- Born: 1959 (age 66–67) South Africa
- Citizenship: British
- Occupations: Businessman, entrepreneur
- Known for: Former CEO of Belron, Labour Party donor

= Gary Lubner =

South African businessman and philanthropist

Gary Lubner (born 1959) is a British businessman and philanthropist, born in South Africa. He is the founder of the charitable foundation This Day and served as CEO of Belron, the parent company of Autoglass, from 2000 to 2023. He has been a major donor to the UK Labour Party.

== Early life and education ==
Lubner grew up in Johannesburg, South Africa, in a liberal Jewish family who fled Eastern Europe due to persecution. His grandfather initially earned a living selling glass from a wooden cart after arriving in South Africa.
== Anti-South African apartheid activities ==
Prior to studying at the University of Cape Town, Lubner was conscripted into the South African police force, an experience he later described as instrumental in shaping his opposition to apartheid. He actively supported the anti-apartheid movement and defended Nelson Mandela, telling the Financial Times about "getting into many fights with business people who were saying 'he's a terrorist' and all of that.

== Business career ==
Lubner moved to London in the late 1980s to study for an MBA at London Business School and upon graduating began working for Belron/Autoglass. In 2000, he became CEO of Belron, where he led the company through expansion to 37 countries. Under his leadership, revenue grew from €822m in 2000 to ~€6bn by 2023 operating under various brand names including Autoglass in the UK. In 2021, he implemented one of the largest employee share distributions in corporate history, allocating €300 million to 30,000 employees. He stepped down as CEO in 2023.

== Political involvement ==
Lubner became "disenchanted" with the UK's Conservative government and in 2021, following a meeting with Labour Shadow Chancellor Rachel Reeves, he decided to support the Labour Party.

By 2024, he had become one of Labour's largest individual donors, contributing £4.5 million to the party.

== Philanthropy ==
Through his foundation This Day, Lubner supports initiatives focused on education and equality. He has expressed a desire to give away "the vast majority" of his wealth to charitable and progressive causes.

Lubner has made contributions to charities working to alleviate the humanitarian crisis in Gaza, as well as victims and families of the October 7 attacks. His philanthropic work also includes support for the United Jewish Israel Appeal, which focuses on educational and community development programs.

== Brentford Football Club ==
In July 2025, Lubner became a minority shareholder in Brentford Football Club, alongside English filmmaker Sir Matthew Vaughn. This investment was made by Lubner in collaboration with Vaughn's film company, MARV, into Best Intentions Analytics, the holding company for Brentford F.C. and Spanish club Mérida AD.

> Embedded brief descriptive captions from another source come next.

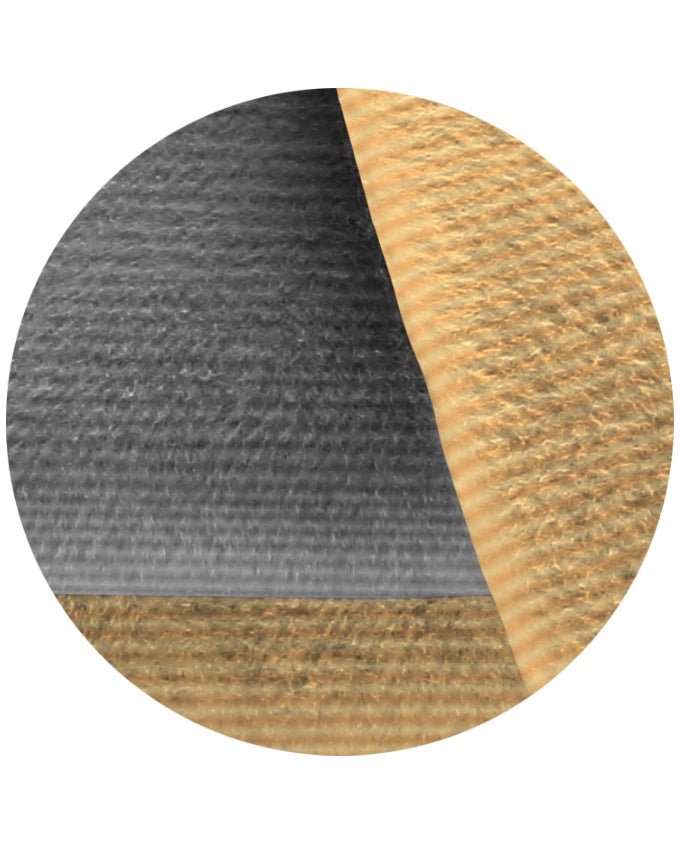 Joop! Melange gold - silber pléd 150 x 200 cm - Leguan Exclusive - Joop! -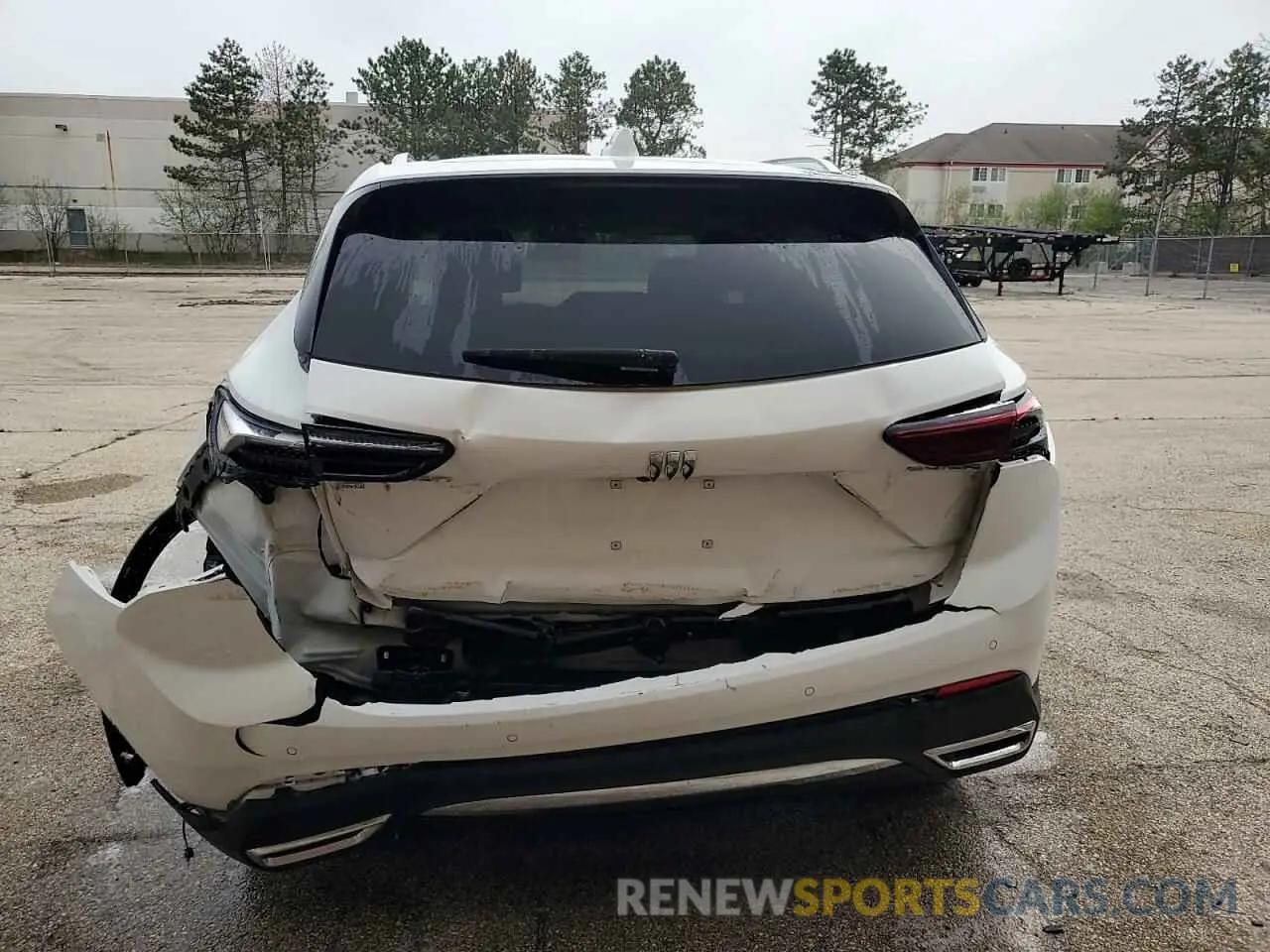6 Photograph of a damaged car LRBFZME4XRD074873 BUICK ENVISION 2024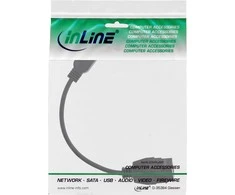 USB adapteris InLine USB - USB Juodas (76206C)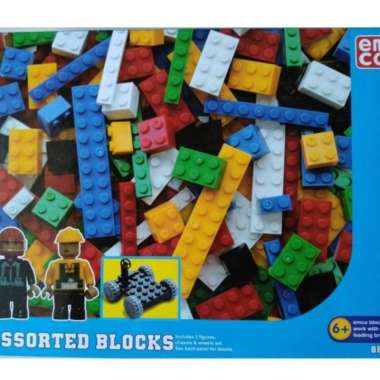 Mainan Edukasi Emco Brix Basic assortment bricks lego murah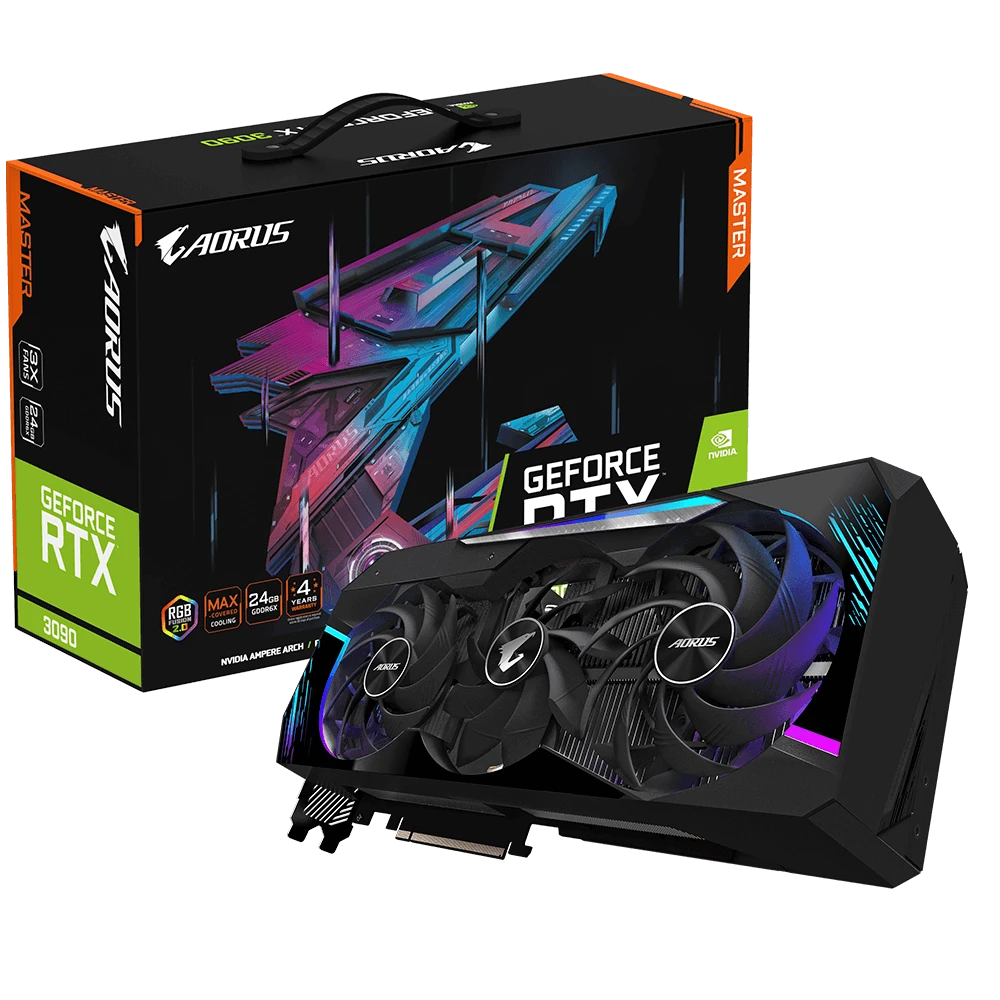 Gigabyte AORUS GeForce RTX 3090 MASTER 24G  (Rev. 1.0)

A motivation for Lubner's investment in Brentford F.C. was the work of the Brentford FC Community Sports Trust.

The club said the investment would support squad development and commercial growth and expand Brentford's impact locally and beyond.

== Media responses ==
In September 2024, Novara Media issued an apology to Lubner and his family following the publication of allegations in a video released earlier that year. The outlet stated that Lubner did not have ties to the Israeli government and referenced his past involvement in anti-apartheid activism. However, independent research sources do appear to evidence those allegations of apartheid support and donating to Israel lobby groups.

In July 2025, The Canary issued an apology regarding allegations published about Lubner's political positions. The outlet acknowledged that the claims were inaccurate.